O que pôde ser profanado
As nações profanaram o judaísmo revelado [a sua face exterior] pelo seu contato: tocaram nos óleos sagrados e os tornaram abomináveis; as pedras do altar santo foram conspurcadas. E também quanto às formulações [as palavras, os nomes] dos segredos — já vieram "invasores" [pritzim] e as profanaram.
A abertura fala da experiência histórica da desecração — não de um contágio pela mera presença alheia. O que foi "profanado pelo contato" são as coisas santas materiais e externas: os óleos da unção, as pedras do altar do Templo destruído e saqueado por mãos hostis ao longo das conquistas. E "as formulações dos segredos" — as palavras com que a mística se exprime — também foram tomadas e distorcidas por "invasores", os que se apropriaram da linguagem sagrada sem a sua vida interior. É a face exposta do sagrado, a que a história pôde tocar e ferir.
O que jamais se profana
Mas, na sua santidade, permaneceram as interioridades dos segredos — que estão ocultas e seladas a todo contato estranho; e justamente a interioridade mais íntima da alma. Pois esta interioridade — que é a alma da alma suprema — está fixada na alma-segulá de Israel, e dela não se afasta.
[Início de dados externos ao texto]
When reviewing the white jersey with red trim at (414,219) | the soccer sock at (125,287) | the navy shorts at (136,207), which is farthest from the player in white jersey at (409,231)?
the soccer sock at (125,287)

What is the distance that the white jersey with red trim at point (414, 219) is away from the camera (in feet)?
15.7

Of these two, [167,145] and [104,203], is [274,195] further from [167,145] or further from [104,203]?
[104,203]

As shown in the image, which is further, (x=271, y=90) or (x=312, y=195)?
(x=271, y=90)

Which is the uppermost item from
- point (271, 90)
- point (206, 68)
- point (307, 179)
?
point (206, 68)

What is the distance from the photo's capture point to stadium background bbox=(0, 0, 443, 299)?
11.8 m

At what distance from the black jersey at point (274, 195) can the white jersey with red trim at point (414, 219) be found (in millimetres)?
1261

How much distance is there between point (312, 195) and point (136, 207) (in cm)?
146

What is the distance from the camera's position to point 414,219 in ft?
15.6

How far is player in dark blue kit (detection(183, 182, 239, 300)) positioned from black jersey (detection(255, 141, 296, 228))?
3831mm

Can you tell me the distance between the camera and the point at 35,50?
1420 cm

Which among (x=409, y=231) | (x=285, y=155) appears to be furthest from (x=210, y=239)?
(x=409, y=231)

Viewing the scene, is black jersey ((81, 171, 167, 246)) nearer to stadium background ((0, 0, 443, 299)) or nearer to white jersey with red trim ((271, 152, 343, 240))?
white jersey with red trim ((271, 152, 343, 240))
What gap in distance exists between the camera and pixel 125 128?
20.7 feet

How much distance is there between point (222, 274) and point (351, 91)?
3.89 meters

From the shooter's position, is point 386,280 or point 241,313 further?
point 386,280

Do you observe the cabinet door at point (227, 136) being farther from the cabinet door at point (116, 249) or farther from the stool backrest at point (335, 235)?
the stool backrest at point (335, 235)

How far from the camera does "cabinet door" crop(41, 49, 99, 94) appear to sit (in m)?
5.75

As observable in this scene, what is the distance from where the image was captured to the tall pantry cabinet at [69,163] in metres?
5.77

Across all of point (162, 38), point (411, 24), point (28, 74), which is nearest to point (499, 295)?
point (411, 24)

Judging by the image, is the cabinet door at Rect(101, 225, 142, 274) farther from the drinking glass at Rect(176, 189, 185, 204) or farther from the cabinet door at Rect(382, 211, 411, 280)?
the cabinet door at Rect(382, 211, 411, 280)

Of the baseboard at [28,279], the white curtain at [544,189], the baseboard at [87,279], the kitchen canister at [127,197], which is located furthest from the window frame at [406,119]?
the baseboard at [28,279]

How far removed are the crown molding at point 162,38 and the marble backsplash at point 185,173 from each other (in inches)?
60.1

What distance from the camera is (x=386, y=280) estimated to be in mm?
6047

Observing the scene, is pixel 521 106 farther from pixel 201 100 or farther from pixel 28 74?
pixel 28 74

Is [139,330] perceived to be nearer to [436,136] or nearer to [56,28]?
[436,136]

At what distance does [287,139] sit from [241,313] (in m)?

Há, no sagrado, um "véu" — uma fronteira interior. O que está diante do véu (a "face revelada") é acessível, e por isso vulnerável; o que está atrás dele (o "santo dos santos") é, por natureza, inviolável. O Rav Kook transpõe essa arquitetura do Templo para a alma: por mais que a história golpeie as formas exteriores de Israel — e até a linguagem dos seus mistérios —, há uma câmara interior, "a alma da alma", onde nenhuma mão estranha entra. É a fonte que garante que Israel nunca pode ser destruído por dentro.
O santo dos santos em cada judeu
E essa interioridade não se afasta [da alma de Israel] enquanto o vínculo à coletividade da nação e ao seu feitio vive dentro do homem — enquanto ele, de modo geral, deseja a ventura e o êxito da nação de Israel; ainda que não saiba chamá-la pelo nome nem explicar os seus segredos escondidos. E mesmo que erre nos seus atos e nas suas opiniões — o seu íntimo é santo dos santos.
Eis o coração da seção, e a sua nota mais generosa — irmã da que o Rav Kook deixou em §9. A condição para que esse "santo dos santos" permaneça vivo num judeu não é a perfeição religiosa, nem sequer a crença correta: é o amor ao seu povo — querer "a ventura e o êxito" de Israel. Quem ama assim, ainda que "não saiba chamar pelo nome" o que carrega, e mesmo que "erre nos atos e nas opiniões", guarda no fundo de si uma câmara intacta de santidade. O erro toca a superfície; não alcança a alma da alma.
Texto: Rav Avraham Yitzchak HaCohen Kook, Orot — "Luzes do Renascimento" (Orot HaTechiyá), §63. O original hebraico é de domínio público.
Tradução inédita ao português, feita a partir do hebraico e cotejada com a base de textos do Sefaria. Traduziu-se a seção inteira. A imagem do "santo dos santos" e do véu apoia-se em Shemot 26:33; o verso sobre a verdade "no íntimo" e a sabedoria "no oculto" é de Tehillim 51:8. As expressões entre colchetes e os títulos de seção são originais, para auxiliar a leitura; a seção fala da desecração histórica das coisas santas exteriores, e o seu tema é a resiliência da santidade interior de Israel. Eventuais imprecisões são de nossa responsabilidade.